Pattern Recognition
(Blue Ant #1)
by William Gibson
Hardcover, 356 pages
Published February
3rd 2003 by Putnam Adult (first published 2003)
ISBN 0399149864
(ISBN13: 9780399149863)
Edition
language: English
Series: Blue Ant #1
Characters: Hubertus Bigend
Literary
Awards: Locus Award Nominee for Best
Science Fiction Novel (2004), Arthur C. Clarke Award Nominee (2004), British
Science Fiction Association Award Nominee for Best Novel (2004)
Pattern Recognition's major theme considers humans' tendency to see order out of chaos, patterns when there are none. Other themes include branding, marketing, and consumerism, among others. The multiple themes that require abstractions on top of abstractions left me cold and not invested. I am empathetic to the dangers of consumerism, branding, and the post-modern marketing conceit wherein you are designated as "cool" and being a rebel for using a certain product.
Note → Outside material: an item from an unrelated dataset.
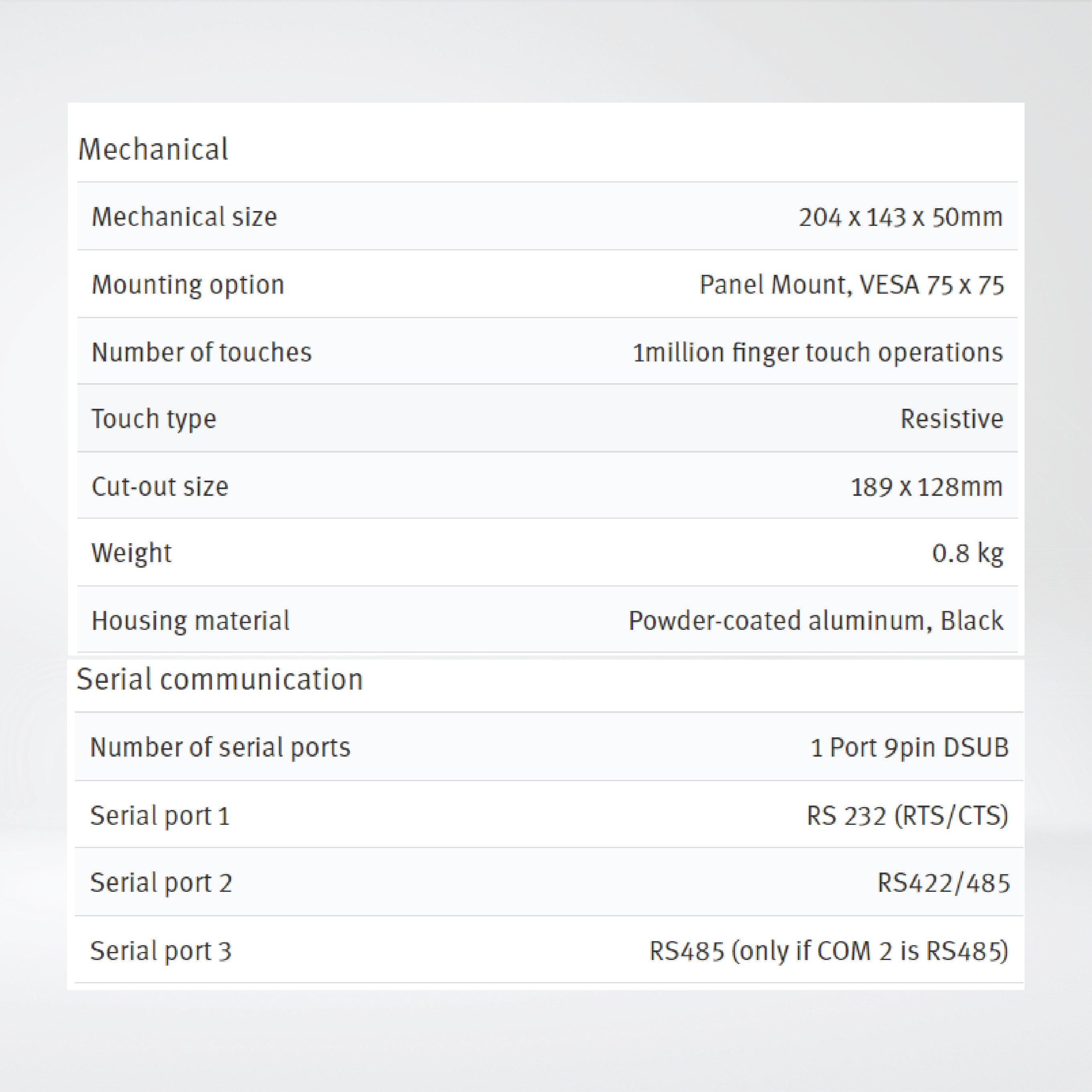 X2 marine 7 7'' HMI with iX runtime - Riverplus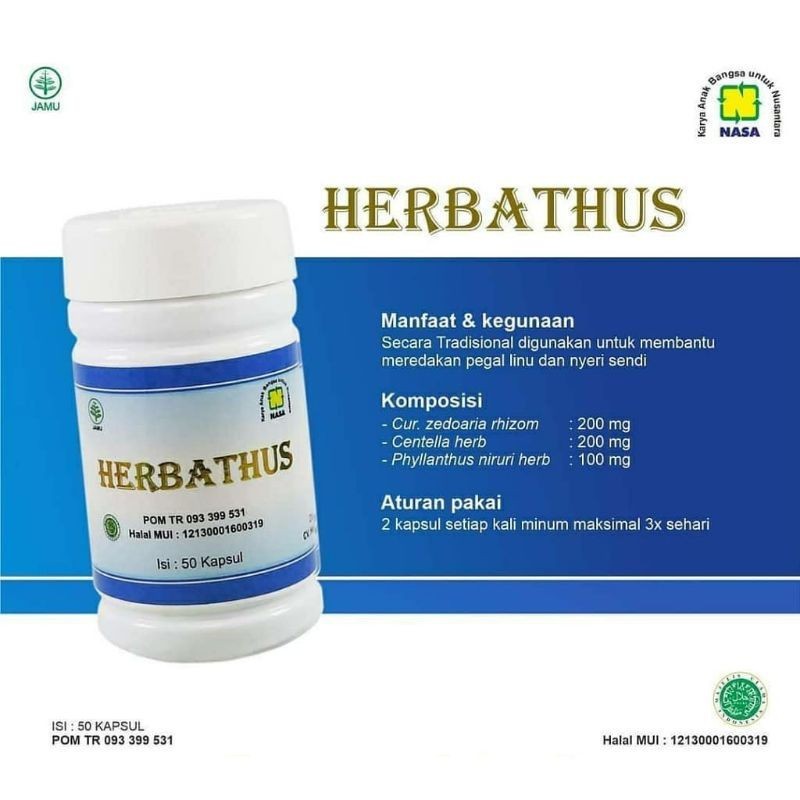 

Herbathus Nasa Solusi Asam Urat - Herbatus Nasa Obat Asam Urat Jamu Asam Urat Original( Gratis Ongkir & COD )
Of course, if you use that product, you are possibly succumbing to the marketing and not cool or a rebel. David Foster Wallace discussed this in his essay "E Unibus Pluram: Television and U.S. Fiction." DFW cites the (now almost forgotten) Sprite campaign "Image is Nothing! Thirst is Everything!" From the essay: "Above all, of course, the audience is not supposed to recognize the absurdity of products being billed as distinguishing individuals from crowds in order to sell to huge crowds." I am also simpatico with the main theme that our advanced primate evolution doesn't get us beyond seeing Mother Mary on the surface of a squash. That's a crude way to put it - in other words, humans want order and organization in their lives and sometimes events, people, etc., simply can't be ascribed order and that's a source of anxiety. We then find order out of randomness to help dispel this anxiety.
It's a coincidence (is it? Or is Gibson reading my mind?! Ahem.) that just today Gibson tweeted an article from Psychology Today about apophenia - the tendency of humans to see patterns in randomness. After reading this, I probably shouldn't wax flippant about our advanced primate evolution - it's far better (from an evolutionary standpoint) to find patterns when there are none vs. not finding a pattern when there IS one.
Despite my affinity for these themes, I simply don't think Gibson's combination and explication of them makes a good story. All of the underlying themes are quite interesting, but I learn more from the non-fiction material concerning these concepts and therefore find the non-fiction material also more engaging.
His prose is always very good, but I also must admit that it felt too... precious(?) at times - "The spent match makes a tiny ceramic sound when he drops it into the ashtray. "
Perhaps the book is too smart for me and I just don't "get" it. In any event, moving on, and debating whether or not I want to read the other books in the "Blue Ant" or "Bigend" series.